MYTH: There's such a thing as earthquake weather.
FACT: Weather is above the surface of the earth and earthquakes begin far below. There is no correlation between the two.

MYTH: Major earthquakes happen early in the morning.
FACT: Some major earthquakes, like Northridge, have happened in the early a.m., but that's certainly not true of all major quakes. For example, the 1992 Joshua Tree earthquake happened at 9:50 p.m. and the 2003 San Simeon quake was at 11:15 a.m. The factors that vary between the time of day, the month, or year do not affect the forces in the earth that cause earthquakes.

MYTH: There will be mass panic during the next "big one."
FACT: Not if we're all prepared!

Monday, November 3, 2008

Drop, Cover and Hold On!

Will you be ready for the Great Southern California Shakeout on Nov. 13?

We want you to be part of it, and that means learning how to protect yourself properly during the next "Big One."

Dr. Lucy Jones of the U.S. Geological Survey has led an alliance of scientists, emergency managers, engineers, government officials and others to study the likely consequences of a potential magnitude 7.8 earthquake in great detail. The result is the ShakeOut Earthquake Scenario.

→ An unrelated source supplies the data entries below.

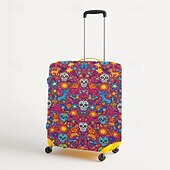 baratos Desgaste em casa e chinelos em casa-Capa protetora elástica para mala de viagem com estampa artística.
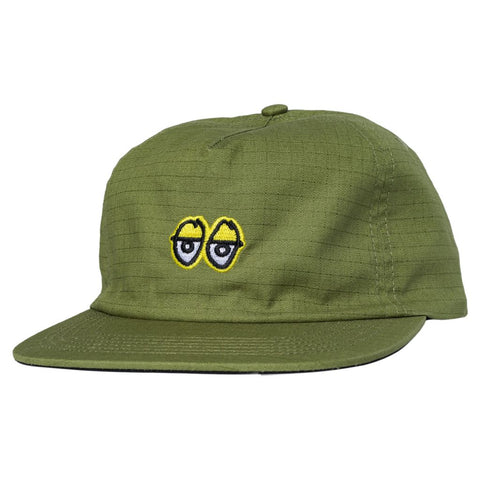 KROOKED EYES SNAPBACK OLIVE / YELLOW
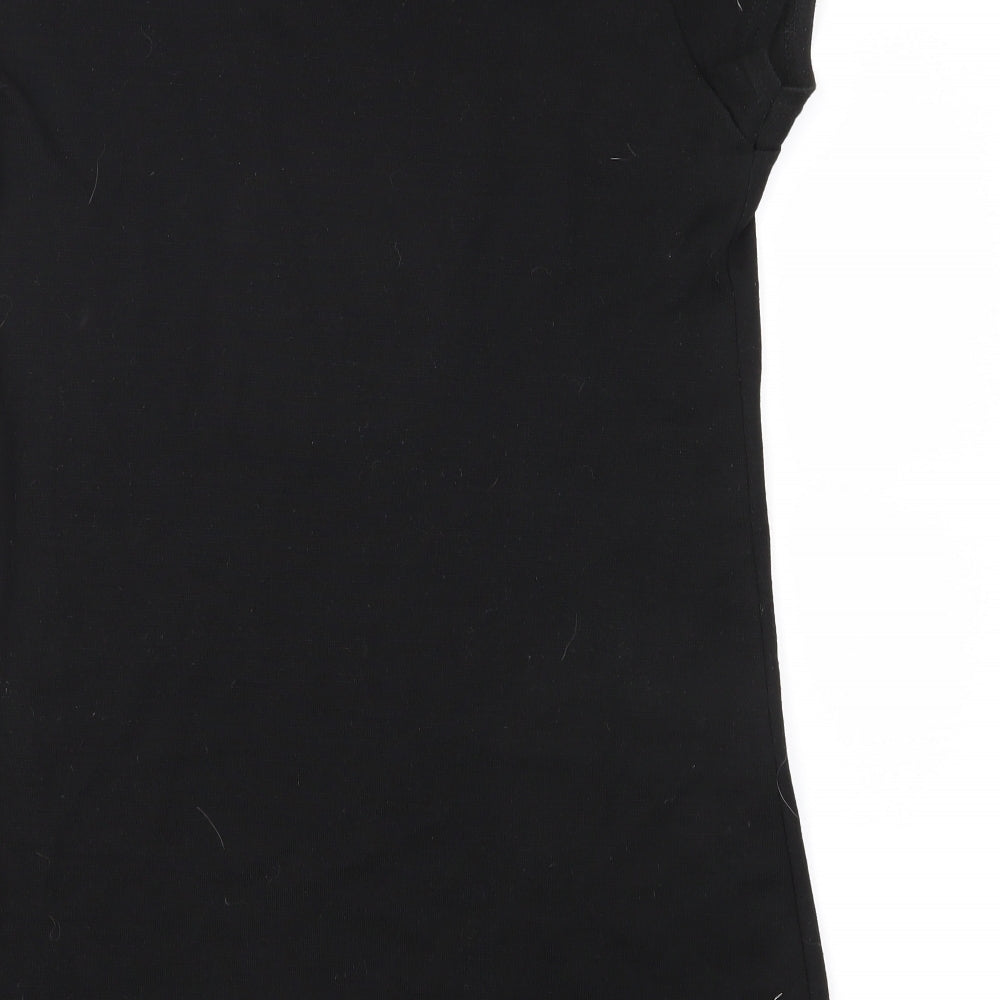 Miso Womens Black  Jersey Shift  Size M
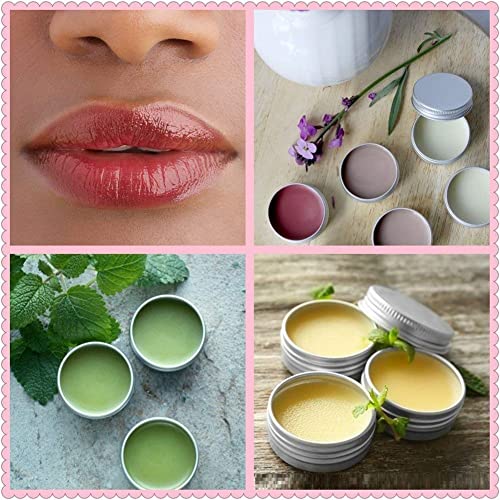JOYWENG 24 Pack (2 Oz/60ml) Screw Top Round Aluminum Tin Cans, Metal Tin Storage Jar Containers with Screw Cap for Lip Balm, Cosmetic, Candles, Salve, Make Up, Eye Shadow, Powder, Tea - Image 5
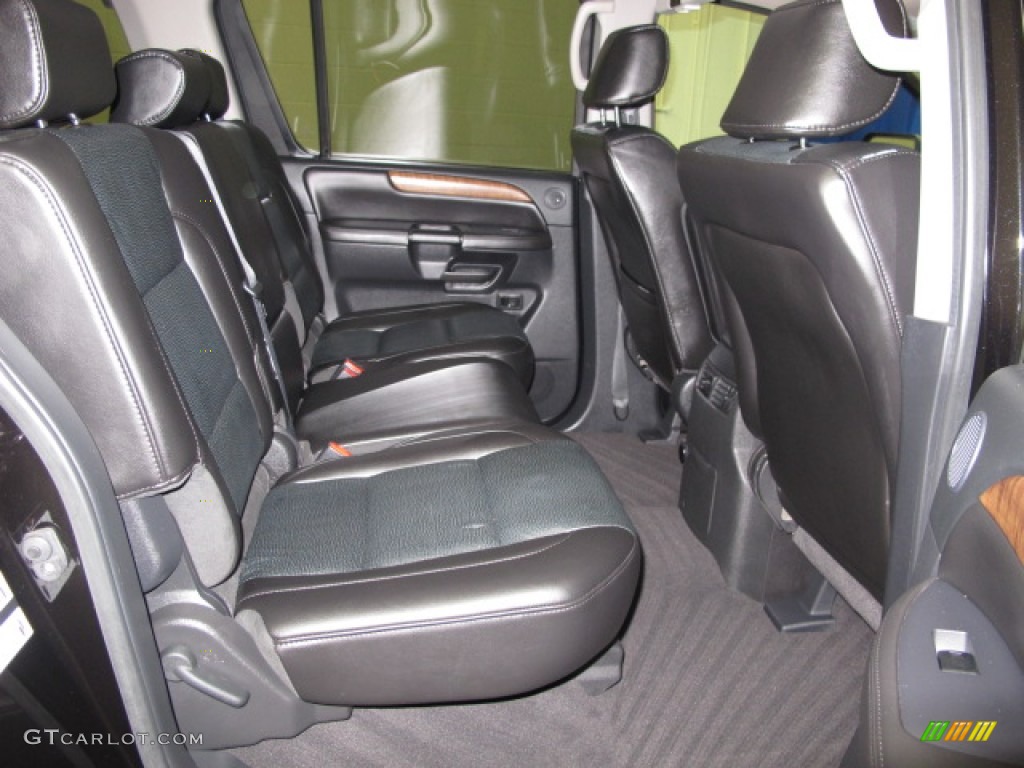 Charcoal Interior 2009 Nissan Armada SE 4WD Photo #64752273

The Great Southern California ShakeOut is one opportunity to practice your earthquake survival skills. These kinds of drills train us to act quickly – to Drop, Cover and Hold On immediately to minimize injury.

Here's a personal invitation from Dr. Lucy:

The Pasadena Fire Department continually spreads the word to Pasadena residents, neighborhoods, schools, the faith community, businesses and non-profit organizations throughout the community, and emergency crews review preparedness plans to make sure they’re as complete as possible.

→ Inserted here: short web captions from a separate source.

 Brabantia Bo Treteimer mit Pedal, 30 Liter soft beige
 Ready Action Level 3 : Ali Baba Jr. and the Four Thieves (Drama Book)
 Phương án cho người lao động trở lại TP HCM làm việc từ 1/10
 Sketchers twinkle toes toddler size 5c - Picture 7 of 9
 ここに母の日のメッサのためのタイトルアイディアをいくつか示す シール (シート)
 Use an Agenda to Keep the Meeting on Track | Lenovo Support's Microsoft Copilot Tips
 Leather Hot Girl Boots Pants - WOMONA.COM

Here are the steps you should take whenever you train for an earthquake:

1. Drop to the ground, take Cover under a sturdy table or desk, and Hold On to it as if a magnitude 7.8 earthquake were happening. Stay down for at least 60 seconds. Practice now so you can protect yourself immediately during a real earthquake.

(Why should you Drop? Because in a major earthquake, if you don't drop to the floor on your own, the force of the energy will knock you off your feet.

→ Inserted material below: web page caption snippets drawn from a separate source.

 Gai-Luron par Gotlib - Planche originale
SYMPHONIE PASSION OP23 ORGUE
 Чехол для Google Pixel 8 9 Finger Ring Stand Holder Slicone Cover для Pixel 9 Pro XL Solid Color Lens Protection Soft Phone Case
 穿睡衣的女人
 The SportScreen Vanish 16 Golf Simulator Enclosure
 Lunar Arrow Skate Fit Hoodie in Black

Why should you Cover? Because objects in your home or office will probably be flying all over the place.

Why should you Hold On? Because the table or desk you're under will probably begin sliding, and you'll need to slide with it.)

2. While still under the table or desk, look around and imagine what would happen in a major earthquake when shaking may last for one to two minutes. What would fall on you or others? What would be damaged? What would life be like in the immediate moments after? What should you do before the actual earthquake happens to reduce losses and recover quickly? You can't know unless you plan ahead!

3. Practice what you will do after the shaking stops.

4. Complete your disaster plan and emergency preparedness kit as soon as possible.

For vital information and to sign up for Pasadena Emergency Response Team (PERT) training, visit www.cityofpasadena.net/disaster.

Also, please note:

A local newspaper as well as several email chains have described a Triangle of Life position to be taken during major earthquakes, under the assumption that most Americans will have their homes and workplaces collapse around them.

Don’t believe it! The fact is that there is absolutely no scientific research to suggest that the Triangle of Life position works, and agencies such as the American Red Cross, U.S. Geological Survey and Governor's Office of Emergency Services have gone on record as disputing this viral rumor.

However, it has been proven time and time again, during documented scientific research, that the Drop, Cover and Hold On technique is the best method for survival in the U.S.